Platform comparison
| Platform | YES odds | NO odds | Fee | KYC | Settlement | |
|---|---|---|---|---|---|---|
Polymarket KYC UK Pick polygram.ink |
0% | 100% | 0% (USDC on-chain) | No-KYC up to $1,500 | USDC, auto via UMA oracle | Open on Polymarket KYC UK → |
Polymarket polymarket.com |
0% | 100% | 0% | Geo-blocked in US/UK/EU | USDC, on-chain | Open on Polymarket KYC UK → |
Kalshi kalshi.com |
— | — | Up to 7% per trade | US-only, KYC required | USD | Open on Polymarket KYC UK → |
Betfair Exchange betfair.com |
— | — | 2-5% commission | Full KYC from first trade | GBP / EUR | Open on Polymarket KYC UK → |
Manifold Markets manifold.markets |
— | — | Play-money (mana) | None — play-money | Mana (no cash-out) | Open on Polymarket KYC UK → |
Live odds for Polymarket-based markets come from the Polygon order book. Non-Polymarket venues show attributes only; clicking any row opens the market on Polymarket KYC UK.
Active sub-markets
Market context
Bitcoin’s June price path matters because this market settles on the highest level reached by the end of the settlement window, not the month-end close, so intraday spikes and brief liquidity squeezes can still determine the outcome. A 0% YES crowd price implies participants currently see the target as unreachable within the window, which is consistent with short-term forecasts clustering around the mid-$60,000s rather than a sharp breakout.[1][5]
Historical comparables point to how quickly these markets can move when Bitcoin trades around major round-number bands. CoinCodex’s June 2026 forecast put BTC near $64,291 around 20–21 June, while Binance’s projection for 20 June was about $63,692, both implying a relatively narrow near-term range rather than a run to a materially higher strike.[1][5] That matters for regulatory and access context: Bitcoin is not itself a GlüStV gambling product, but German-resident users can still face platform-level restrictions where a site is treated as a games-of-chance or betting operator under the Staatsvertrag framework. In the US, the CFTC’s reach is relevant because crypto-linked derivatives and event-style contracts can fall within its enforcement perimeter if they resemble commodity derivatives or off-exchange binary-style products; accessibility therefore depends as much on venue structure as on the underlying asset.
Traders should watch exchange-specific rule updates, funding and liquidity conditions, and any macro or regulatory announcements that can move BTC quickly enough to test a high strike before settlement. Recent market commentary has focused on ETF flows and technical weakness, with one June 2026 analysis highlighting heavy spot ETF outflows, softer macro prints and support around the low-$60,000s, which would make any upside jump depend on a fresh catalyst rather than drift.[4][7] On the access side, “no-KYC up to $1,500” usually means a platform allows limited trading or withdrawals before identity checks are triggered, which can broaden retail access but also leave the market unavailable to users blocked by regional compliance rules or higher verification thresholds.
Methodology
This page reviews What price will Bitcoin hit on June 20? across five venues. We show live odds for Polymarket-based markets (sourced from the Polygon order book); for other venues we list platform attributes, since the comparable contracts are not exposed via a public API on every venue. Every CTA points at Polymarket KYC UK — the application we operate, where you trade directly against the Polymarket order book at 0% fees.
Resolution & payout
Polymarket-based markets settle through the UMA Optimistic Oracle on Polygon. A proposer submits the outcome, a two-hour challenge window opens, and unchallenged proposals finalise the resolution. Payouts settle automatically in USDC the moment the result is final — no bookmaker, no delay.
Kalshi-based markets settle in USD via the CFTC-regulated clearinghouse. Betfair Exchange settles in GBP/EUR net of commission.
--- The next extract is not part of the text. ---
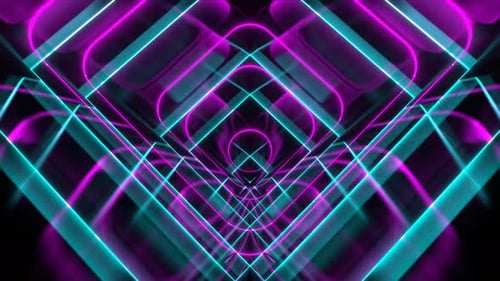 Cyan And Pink Hypnotic Abstract Moving Background Vj Loop In 4K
Manifold is play-money and does not pay out real funds.
FAQ
- How does resolution work?
- Through the UMA Optimistic Oracle on Polygon: a proposer submits the outcome, a two-hour challenge window opens, and USDC payouts settle automatically once the result is final.
- What's the difference between YES and NO shares?
- A YES share pays $1.00 if the event happens, $0 otherwise. A NO share pays $1.00 if the event doesn't happen. The market price between 0¢ and 100¢ is the implied probability.
- What does it cost to trade on Polymarket KYC UK?
- Zero. Polymarket KYC UK routes every order to the live Polymarket order book; the only cost is the Polygon network fee, typically under $0.01 per transaction.
- How fast are USDC deposits?
- Polygon credits deposits after 12 confirmations — usually under 30 seconds. Withdrawals follow the same path and land back in your wallet within minutes.
- How reliable are the quoted odds?
- The YES/NO percentages are the live mid-prices of the Polymarket order book. On deep markets they move every few seconds; on thinner ones you'll see short plateaus.